We find in Tate v. Railroad, 64 Mo. 149, and Sherlock v. Railroad, supra, remarks that streets cannot be used for side tracks and the like structures. We have been puzzled to know what the Supreme Court means by these observations, for in other cases the right to construct side tracks and switches under a permission from the municipality, has been sustained. [Brown v. Railroad, supra.] We have found no case in which the point in decision was that a railroad company had no right to lay a switch track in the street merely because any track of that sort would be an unlawful obstruction; no decision in which such an obstruction was held to be a nuisance per se; but we do find decisions treating switches in a street as lawful when they do not too greatly hinder its use by the public.
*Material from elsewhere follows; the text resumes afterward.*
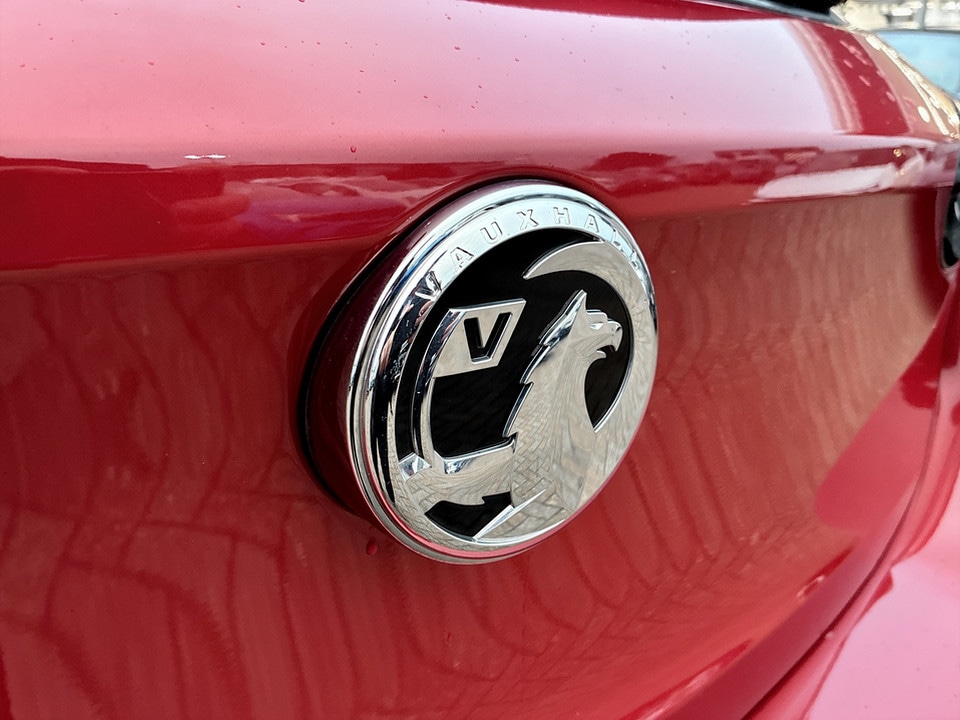 Used Vauxhall Corsa 2023 for sale - 77916491: Photo 30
This *118point bad not been made or insisted on, and really there is no necessity for alluding to it, but we have been embarrassed by those dicta.
Our conclusion is that the essential question in all such cases, be the track a main line or a switch, is whether or not it will unreasonably obstruct the street.
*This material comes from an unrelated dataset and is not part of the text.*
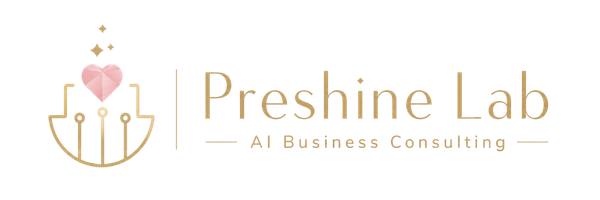 Preshine Lab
The findings of fact by the court below were unnecessarily broad, and might hereafter stand in the way of an action by plaintiff for damages founded on negligence or other dereliction of the company. It was enough to hold she had shown no case for injunctive relief against the construction and operation of the proposed switch, and to dismiss her bill and give final judgment for defendants. To this extent the judgmént is affirmed.
All concur.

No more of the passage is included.